Lovćen National Park
Directly behind Kotor is Mt Lovćen (1749m, pronounced ‘lov·chen’), the black mountain that gave Crna Gora (Montenegro) its name (crna/negro means ‘black’, gora/monte means ‘mountain’ in Montenegrin and Italian respectively). This locale occupies a special place in the hearts of all Montenegrins.

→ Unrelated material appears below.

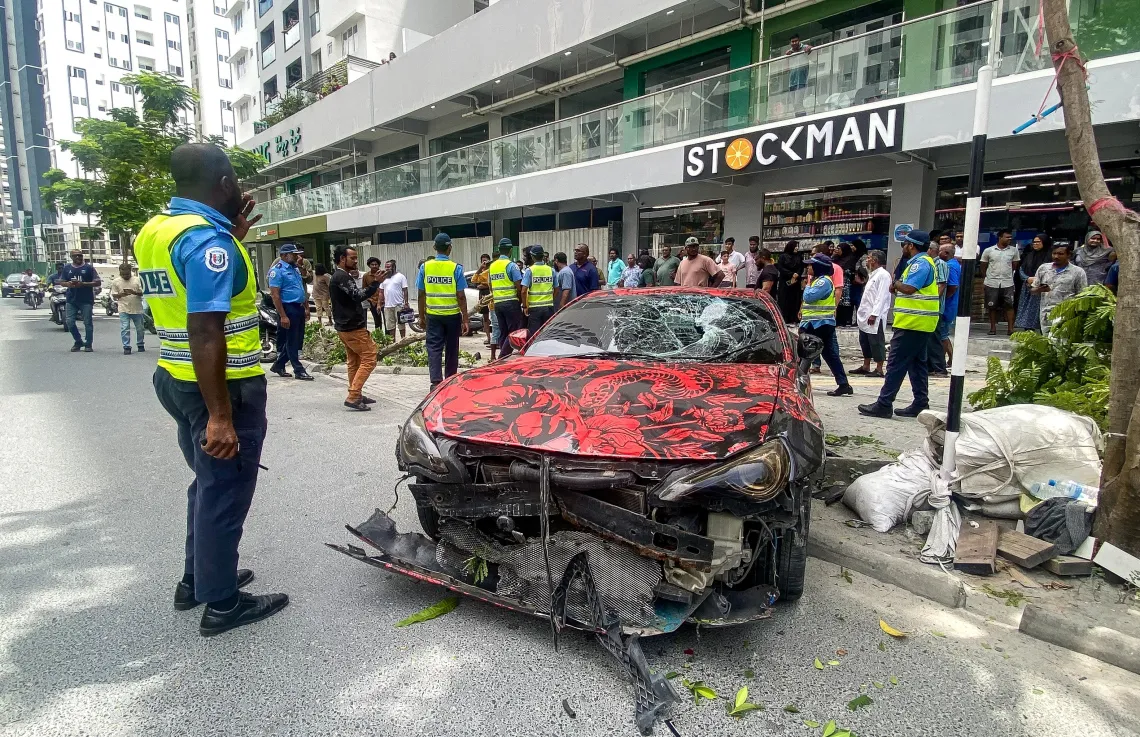 ވިނަރެސް ފްލެޓް ކައިރީ ހިނގި އެކްސިޑެންޓް.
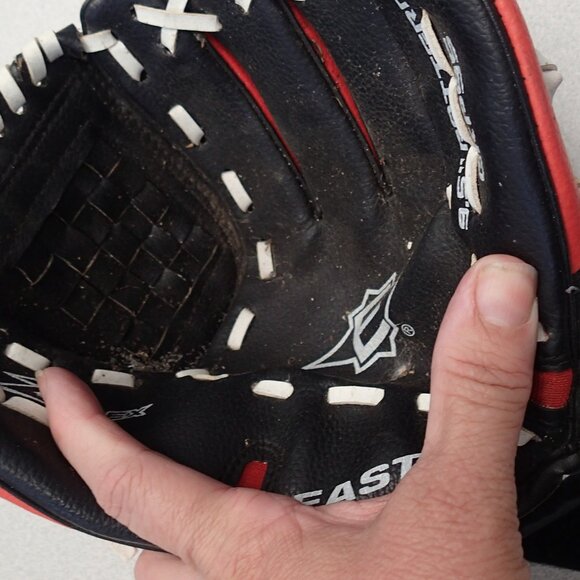 Easton 9.5" Pattern gKp9S Glove - Picture 5 of 6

Biogradska Gora National Park
Nestled within the Bjelasica mountain range, this pretty national park has as its heart 1600 hectares of virgin woodland – one of Europe’s last three remaining primeval forests. King Nikola is to thank for its survival; on a visit in 1878 he was so taken by the beauty of Lake Biograd (Biogradsko jezero) that the locals gifted him the land and he ordered it to be preserved.
Lake Skadar National Park
The Balkans’ largest lake, dolphin-shaped Skadar has its tail and two-thirds of its body in Montenegro and its nose in Albania. Covering between 370 and 550 sq km (depending on the time of year), it’s one of the most important reserves for wetland birds in Europe.
Durmitor National Park
Magnificent scenery ratchets up to stupendous in this national park, where ice and water have carved a dramatic landscape from the limestone. Forty-eight peaks soar to over 2000m in altitude, with the highest, Bobotov Kuk, reaching 2523m. From December to March Durmitor is a major ski resort, while in summer it’s a popular place for hiking, rafting and other active pursuits.